### Activity
Repeat verbatim, and only, the lines of the data below, beginning at the line that contains "Image 19 of 43 For 27780 Hillpointe Drive" and stopping after the line that contains "Spoiler Extension Volkswagen".

### Data for review
——————————

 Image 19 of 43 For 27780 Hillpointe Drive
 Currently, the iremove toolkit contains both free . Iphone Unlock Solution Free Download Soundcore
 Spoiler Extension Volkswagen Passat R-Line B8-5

——————————

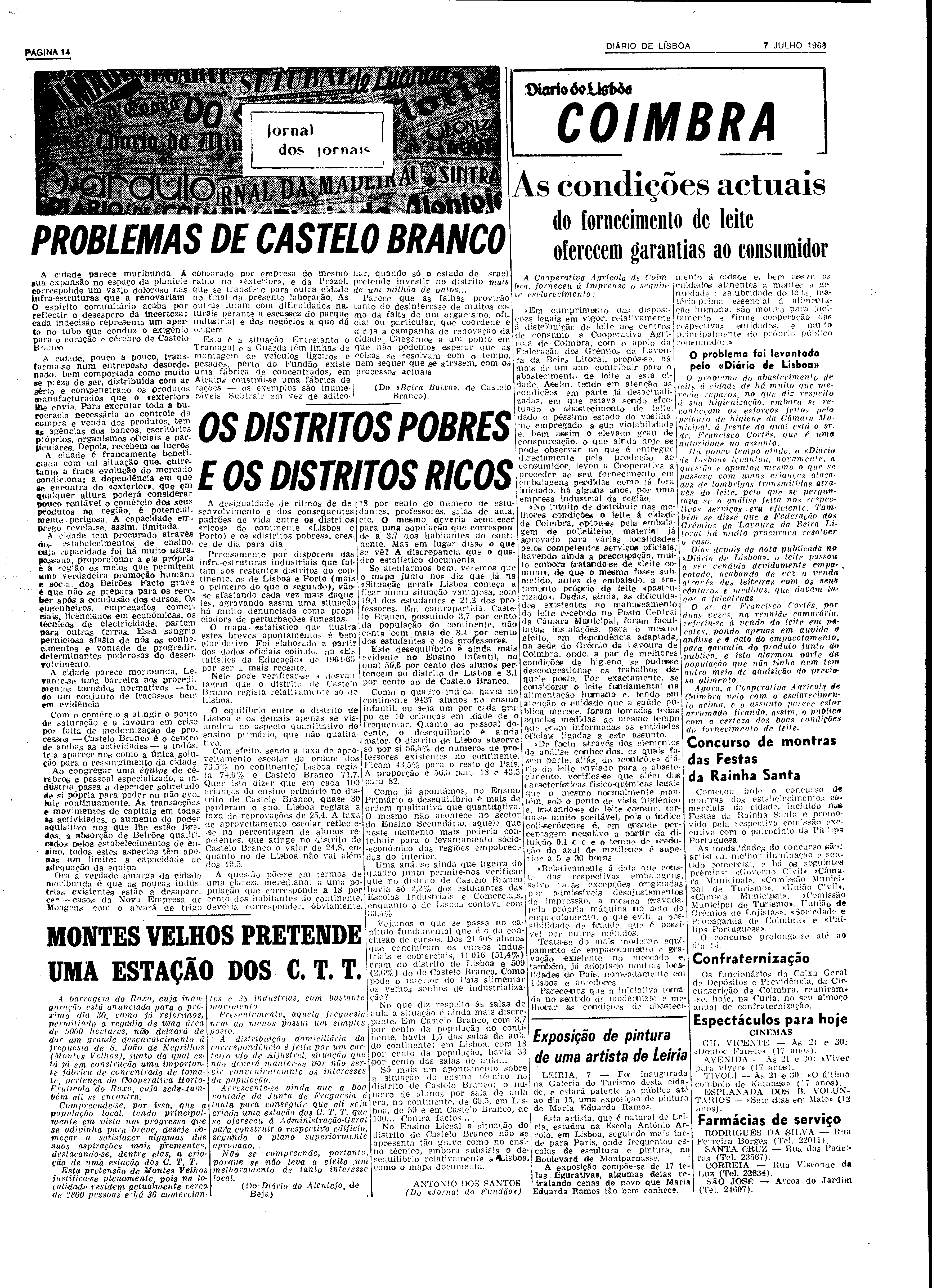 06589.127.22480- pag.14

——————————

### Solved exercise
 Image 19 of 43 For 27780 Hillpointe Drive
 Currently, the iremove toolkit contains both free . Iphone Unlock Solution Free Download Soundcore
 Spoiler Extension Volkswagen Passat R-Line B8-5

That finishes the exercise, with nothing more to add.